Independent bands need to go the extra mile in order to effectively deliver physical versions of their music to potential listeners. Music must be formatted in interesting ways in the digital age. Lafayette metal act The Mound Builders is doing just that when it unveils its four-song EP, “Wabash War Machine.” The band will release an accompanying comic book that correlates with the EP’s tracks on Friday, Dec. 5.

To celebrate, The Mound Builders will perform with locals Lucifist and The Fantasies as well as Detroit “speed rock” band Against the Grain at 8 p.m. Friday at Lafayette Theater, 600 Main St.

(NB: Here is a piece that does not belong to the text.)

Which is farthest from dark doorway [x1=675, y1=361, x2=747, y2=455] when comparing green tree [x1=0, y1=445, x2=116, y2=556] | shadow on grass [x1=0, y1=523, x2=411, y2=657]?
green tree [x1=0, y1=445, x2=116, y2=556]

“Wabash War Machine” is a tremendous nugget of metal power, recorded at Sonic Iguana studios in Lafayette and mixed and mastered by Dan Precision. The band continues to appeal to heavy and fast music connoisseurs with its blend of big Sabbath-friendly riffs, classic thrash speed and a dash of punk rock attitude.

The added appeal is the comic book. Each song gets two pages, one for the lyrics and another a one-page comic inspiration of the song. Illustrated by accomplished Boise, Idaho, artist Adam Black, the style harkens back to the old Heavy Metal series along with vintage EC horror comics. The comic also contains artwork from local illustrator Patrick Wetli and Chicagos Ech as well as an original story by Mound Builders vocalist Jim Voelz.

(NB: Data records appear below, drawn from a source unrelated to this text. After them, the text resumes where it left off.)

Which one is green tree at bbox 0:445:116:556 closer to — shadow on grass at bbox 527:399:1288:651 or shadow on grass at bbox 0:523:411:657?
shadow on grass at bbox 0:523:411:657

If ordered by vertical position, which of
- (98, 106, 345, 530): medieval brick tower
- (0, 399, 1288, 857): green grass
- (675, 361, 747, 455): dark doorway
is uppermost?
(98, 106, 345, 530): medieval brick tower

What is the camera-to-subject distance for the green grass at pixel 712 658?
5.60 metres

The comic is a very cool, creative touch from one of the top dogs in the local hard rock/metal scene.

In 2014 and probably 2015, bands need to put in a little more effort than they used to just 10 years ago in terms making a buzz with recordings. Sometimes its in videos, pressing vinyl or investing in an original comic book. By combining its sonic force with a comic, The Mound Builders’ effort is impressive and appreciated.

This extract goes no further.